Congratz to you and your wife wish you guys the best


----------



## Luke78 (Apr 24, 2010)

Congrats and best wishes to the both of you ! 

Luke


----------



## Adz1 (Apr 21, 2010)

congrats Shawn,
and all the best.


----------



## Chappy (Apr 21, 2010)

Saw Shawn on the "Who's Online" last night  Don't worry - I blasted him by reminding him he was on his HONEYMOON


----------



## teija (Sep 30, 2010)

Ooooh! Happy wedding day!!! We just had ours about a month ago too! 
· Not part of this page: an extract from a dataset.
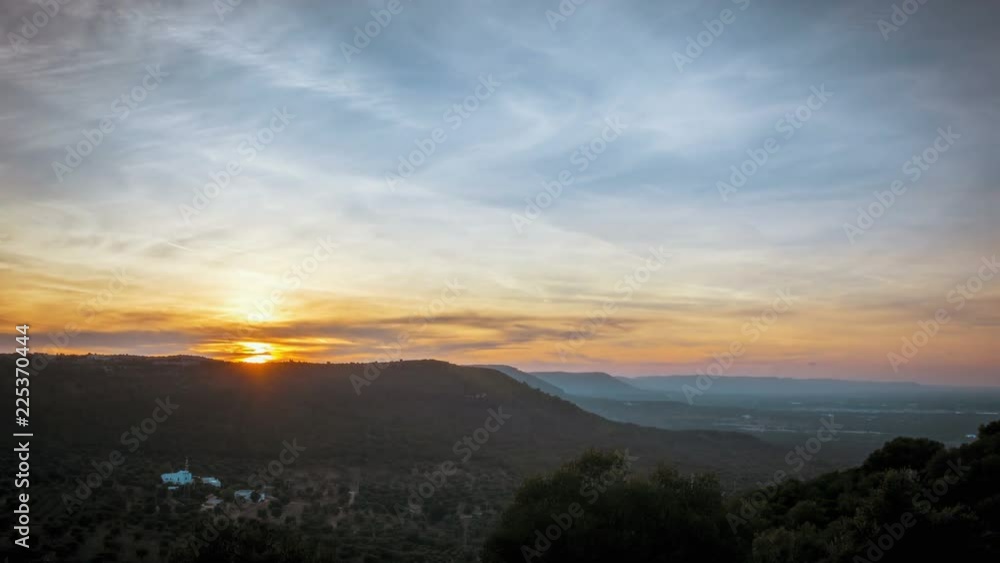 Stunning sunset on the hills between Ostuni and Cisternino with panoramic view on the expanses of olive trees of the plain of Fasano Stunning sunset on the hills between Ostuni and Cisternino with panoramic view on the expanses of olive trees of the plain of Fasano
It will go by SOOOO quickly but treasure the moments, and enjoy the day!


----------



## Nicklfire (Apr 21, 2010)

HEY ALLLLLLLLLLLLLLLL !

Well it's been a hell of a couple last weeks, just got back into calgary last night, was in MEXICO for the last 8 days.. so it was FUN! I got so much stuff to do before going back to work monday but wanted to check in here, Thanks for much for the thread, it was nice to see 

I got TONS of pics, so here are a couple to hold you over until then.

thanks again everyone, give me a couple of days to get back into the swing of things lol.
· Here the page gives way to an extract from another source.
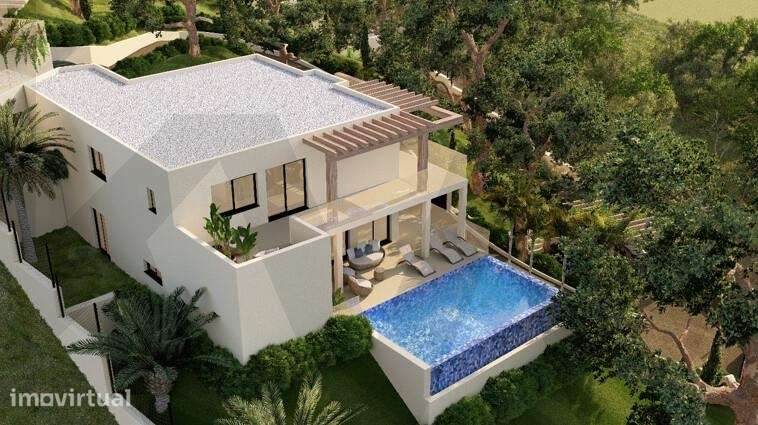 Moradia T5 unifamiliar de arquitetura contemporânea c/ piscina aquecid - Grande imagem: 2/60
Photography was done by a friend of ours Foik Photography
She's very new to the business, this was her 3rd wedding and i'm very happy with the outcome. If your interested in her doing photos for you let me know and i'll pass along the info and get ya a deal


----------



## Shell Dweller (Jul 11, 2010)

Congrats and great pics too. 




NOW GET BACK TOO WORK>>>


----------



## 2wheelsx2 (Apr 21, 2010)

Some great shots there.


----------



## Aquaman (Apr 21, 2010)

Nicklfire said:


> > You didn't need the sign ....its quite obvious ....From one fish guy to another ...NICE CATCH !!
> >
> > Great photos BTW .


----------



## teija (Sep 30, 2010)

Wow, Shawn, the photos are lovely!! You and your guys looked very handsome, and your wife looks radiant! I must admit I am jealous - we didn't get a pro photographer. Now I am thinking I should have dished out the $1500. 

Glad to hear it all went well, and it looks like yours was a perfect sunny day too! I'm also pleased to see that someone else had black bridesmaid dresses - I couldn't believe how many of my "older" relatives thought that was "wrong", despite me explaining it is VERY trendy these days. *shrug*


----------



## Nicklfire (Apr 21, 2010)

teija said:


> Now I am thinking I should have dished out the $1500.


Our original photographer was about 2500$ but i was trying to cut back costs so we got our friend to do it which is brand new in the industry, she did an amazing job... for 1/5 the price  If anyone is interested in her services just let me know and i'll pass along her info.


----------